Every month we are following the ratification of the 19th Amendment and considering women’s issues then and now. The suffragettes were half way to victory when California and Maine signed on in November, bringing the total to 19 states. Seventeen states were still needed.

Since the passage of the 19th Amendment, women have won many significant victories in their fight for equality. Yet, with the failure of the Equal Rights Amendment (ERA) in the ‘70s, women still don’t have equal protection under the constitution. The ERA amendment would have changed the language of the constitution to read “Equality of rights under the law shall not be denied or abridged by the United States or by any State on account of sex.”

There is still energy behind reviving this amendment. In January of this year, supporters hoped the Virginia legislature would be the 38th state (the number needed now) to ratify it, but it died in committee with all the “no” votes cast by men.

Nevertheless, below are 10 victories women have achieved throughout the last century.

1. 1922: The right to marry anyone (almost) and keep her citizenship

The 1907 “Expatriation Act” stated that if an American woman married a foreigner, she would lose her citizenship and take on the citizenship of her husband.

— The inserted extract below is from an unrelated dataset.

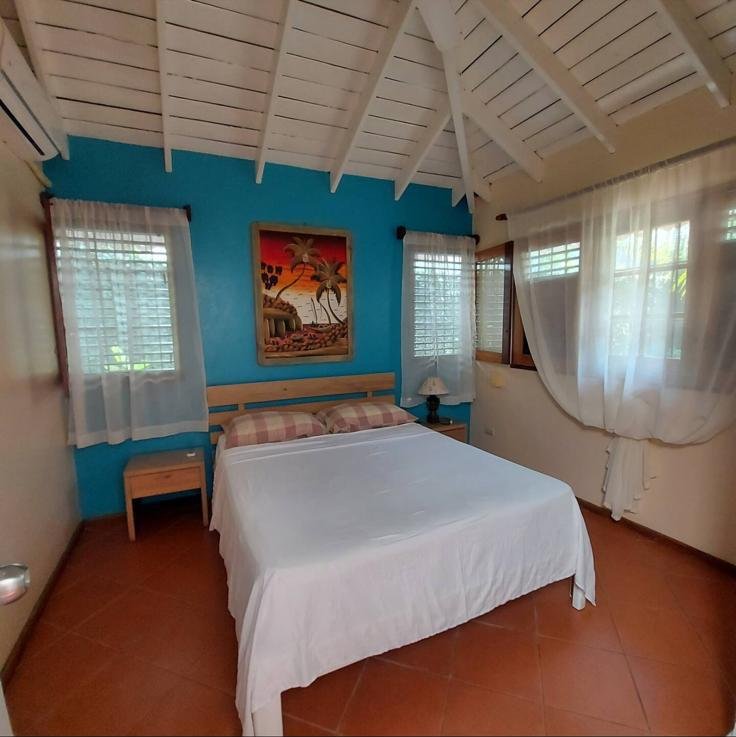 Dormitorio luminoso con cama blanca y paredes azules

In some other countries, a woman did not automatically become a citizen by marriage, creating the possibility that a woman would have no country at all. In 1922, the Cable Act repealed some parts of the Expatriation Act. However, she would still lose her citizenship if she married a man “ineligible for citizenship,” namely an Asian. The Cable Act was subsequently amended in 1930, 1931 and 1934.

2. 1968: Employers could no longer distinguish between “male” and female” jobs

The Equal Employment Opportunities Commission (EEOC) revised sex discrimination guidelines, stopping the practice of publishing “help wanted” ads that used “male” and “female” column headings.

3. 1970: Equal pay for equal work

A U.S. Court of Appeals ruled in Schultz v. Wheaton Glass Co. that an employer must pay women for jobs that were “substantially equal” even if they are not “identical” to jobs done by men, thus preventing employers from changing the “title” of a job in order to pay a woman less.

4. 1973: Abortions became legal

The Supreme Court decision, Roe v. Wade allowed women to safely and legally obtain abortions, a right that is under siege in 2019.

5. 1974: A women gained the right to have her own credit card

The Equal Credit Opportunity Act allowed women to obtain a credit card in her own name without needing to get her husband’s signature.

6. 1978: The right to become pregnant and maintain a job

The Pregnancy Discrimination Act made it illegal for employers to fire a woman if she became pregnant. It also made it illegal for an employer to deny a woman a job, or a promotion, on the grounds that she was, or could become, pregnant.

7. 1985: A woman could obtain a divorce on “Irreconcilable Differences”

In 1969, California was the first state to allow “no fault” divorces. By 1985 all states, except New York, allowed women to file for divorce without forcing them to prove that their husbands had mistreated, abandoned, abused or been unfaithful to them.

8. 1986: Women could seek damages for sexual harassment in the workplace

The Supreme Court decision in Meritor Savings Bank v. Vinson determined that repeated sexual advances or references in the workplace created a hostile work environment and that an employer was absolutely liable for sexual harassment by supervisory personnel, whether or not the employer knew or should have known about it.

9. 1993: Marital rape became illegal in all 50 states

In 1976, Nebraska became the first state to criminalize marital rape. It wasn’t until 1993 that all states had eliminated the “spousal exemption” for rape. Today, it is still not punishable to the same degree as extra-marital rape in 26 states.

10. 2013: Women were allowed to fight on the front lines

Defense Secretary Leon Panetta lifted the ban on women serving in combat roles. The change was to be gradual, but by 2016 each branch of the military was required to allow women the right to serve in combat.